## What the task asks
What you return should match the data word for word, minus the images.

━━ Collected data

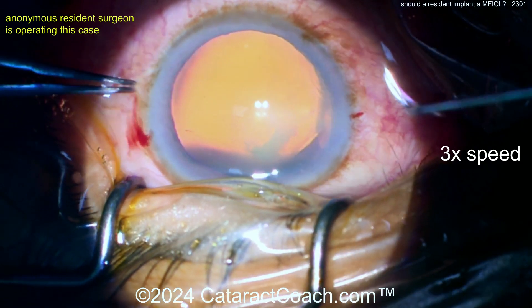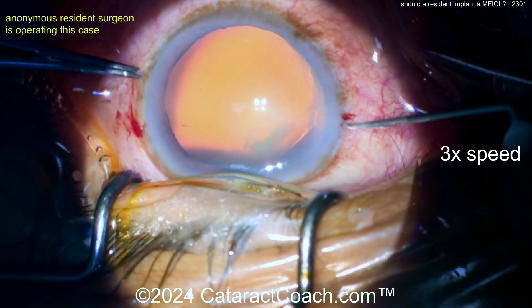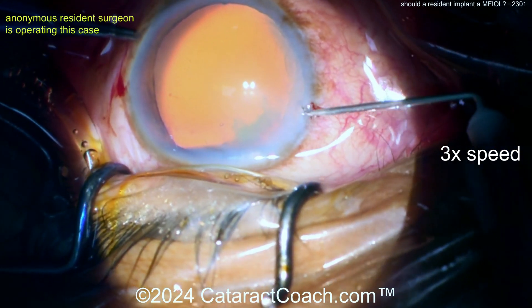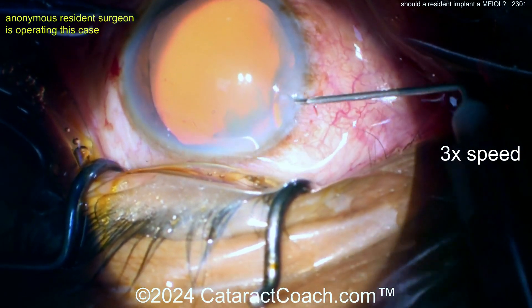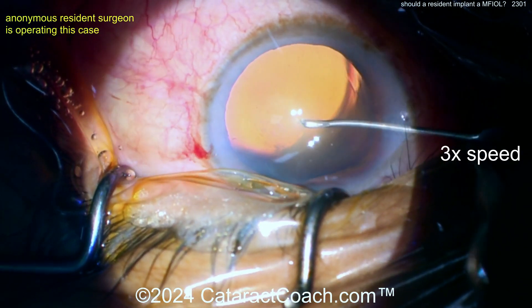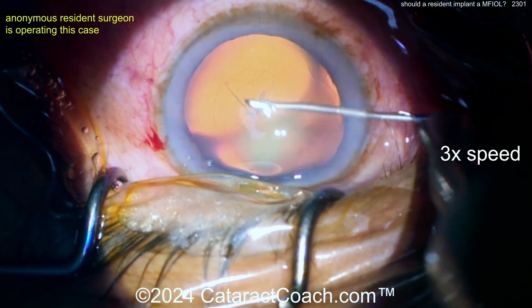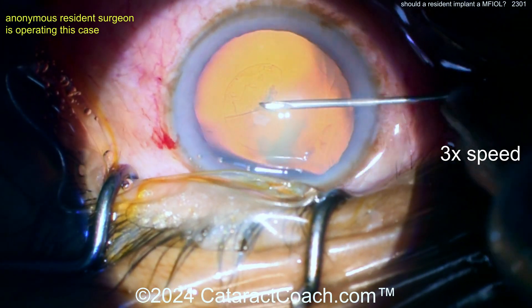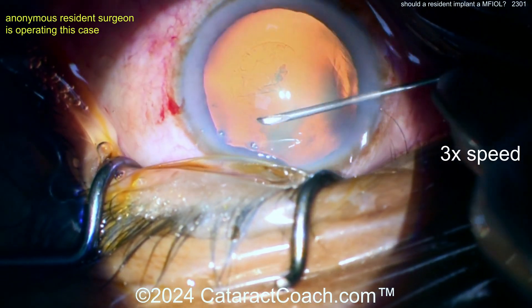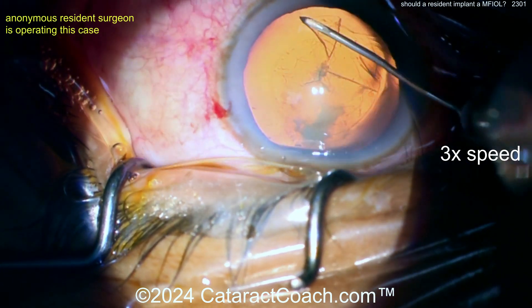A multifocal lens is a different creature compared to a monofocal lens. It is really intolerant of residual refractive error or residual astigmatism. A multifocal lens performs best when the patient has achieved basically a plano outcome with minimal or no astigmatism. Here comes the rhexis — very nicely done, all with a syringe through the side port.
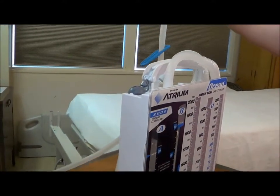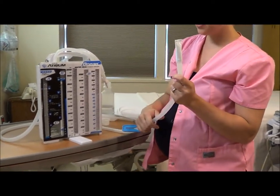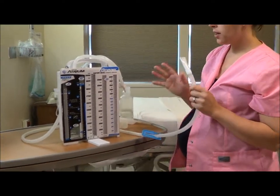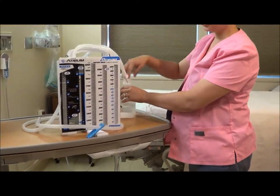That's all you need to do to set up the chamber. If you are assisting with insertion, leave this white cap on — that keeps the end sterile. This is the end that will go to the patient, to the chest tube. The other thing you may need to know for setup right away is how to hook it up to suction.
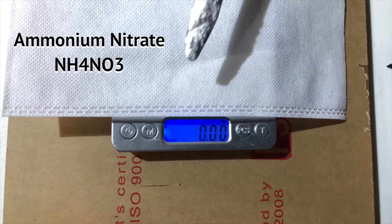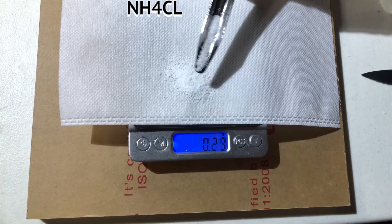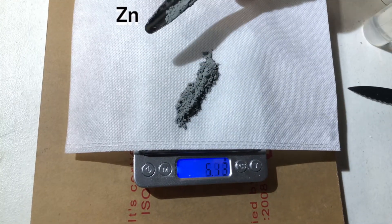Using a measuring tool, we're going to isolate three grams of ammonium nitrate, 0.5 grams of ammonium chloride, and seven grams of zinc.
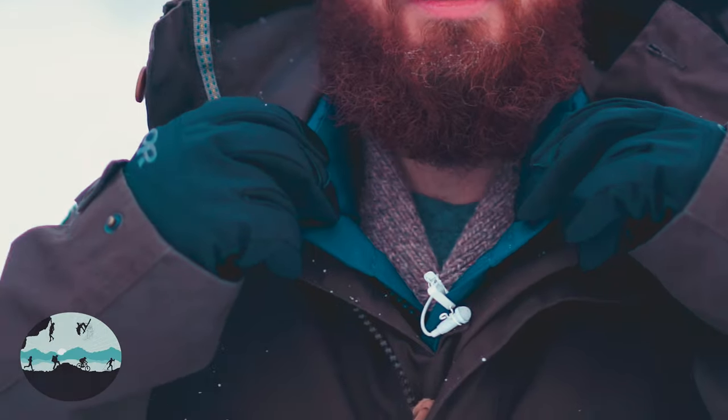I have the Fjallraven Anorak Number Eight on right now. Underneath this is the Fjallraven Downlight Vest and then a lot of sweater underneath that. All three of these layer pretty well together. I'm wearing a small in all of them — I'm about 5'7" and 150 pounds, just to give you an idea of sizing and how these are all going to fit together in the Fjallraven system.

━━━━

## Your solution
A multifocal lens is a different creature compared to a monofocal lens. It is really intolerant of residual refractive error or residual astigmatism. A multifocal lens performs best when the patient has achieved basically a plano outcome with minimal or no astigmatism. Here comes the rhexis — very nicely done, all with a syringe through the side port.
That's all you need to do to set up the chamber. If you are assisting with insertion, leave this white cap on — that keeps the end sterile. This is the end that will go to the patient, to the chest tube. The other thing you may need to know for setup right away is how to hook it up to suction.
Using a measuring tool, we're going to isolate three grams of ammonium nitrate, 0.5 grams of ammonium chloride, and seven grams of zinc.
I have the Fjallraven Anorak Number Eight on right now. Underneath this is the Fjallraven Downlight Vest and then a lot of sweater underneath that. All three of these layer pretty well together. I'm wearing a small in all of them — I'm about 5'7" and 150 pounds, just to give you an idea of sizing and how these are all going to fit together in the Fjallraven system.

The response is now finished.